David Higgerson of Trinity Mirror has hit out at a BBC report into the local media industry, labelling the piece “horrendously inaccurate,” “one-sided” and harmful to the local media sector. 

Writing in his blog this week David, digital publishing director, Trinity Mirror Regionals, said that the piece, which was broadcast on Radio 4’s PM programme and then followed up with a piece online, could have been a useful opportunity to discuss the challenges facing the industry but completely failed to mention the key challenges of funding local journlaism in the digital environment. 

In a withering assessment of the report, David writes: “Most crucially, there’s zero discussion of online news – or the revenue challenges which afflict all publishers. These aren’t just nice to haves when discussing the impact of journalism, or the future of journalism, but the very cornerstones on which to have the discussion. And much more relevant than the fact the Coventry Evening Telegraph’s old offices are becoming a pop-up tourist attraction in their own right.
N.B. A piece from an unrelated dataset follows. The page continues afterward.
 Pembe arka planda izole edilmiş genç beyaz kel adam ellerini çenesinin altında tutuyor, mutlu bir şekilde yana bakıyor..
“An HMRC court case involving former Cambridge News owners Iliffe Media is referenced, but not a word about the fact Lord Iliffe has launched a new newspaper, the Cambridge Independent, in competition to his old title. Far be it from me to celebrate the competition, but doesn’t that strike you as odd?

“The nearest we get to the true issues facing journalism is when Bureau Local’s editor Megan Lucero is interviewed and says: “It rests on how we see journalism- do we see it as a service or do we think it needs to thrive alone as a business? That is a decision we have to make as a society.”

“The tragedy of the PM piece is that it will inform views of the local media by people who don’t know the ins and outs of what’s really going on – and that false impression should be a source of shame to the BBC, and one it should look into.

“I hate moaning about journalism, because there are enough people doing it already. But when, as a journalist, you come away from a piece of work knowing it’s wrong, and unable to work out why it’s so wrong, you start to see the world through the eyes of people who feel the media gets things wrong.

“When challenged on this, Hutton said she didn’t have space to mention everything she had wanted to. Which as a journalistic excuse, especially when so vocally critical about those you subsequently report on, doesn’t wash. Maybe the BBC will consider making their online piece more balanced now. And follow up on the PM programme with a more considered piece. We live in hope.

“Amol Rajan, the BBC’s media editor, took to Twitter to praise the piece. The BBC’s Welsh media editor did too. That neither could see how hopelessly one-sided and fundamentally inaccurate the PM piece and the follow-up online article were, is as astonishing as it is frightening.

“Local journalism is too important to be misrepresented in such a one-sided way. Doing so only harms it further.”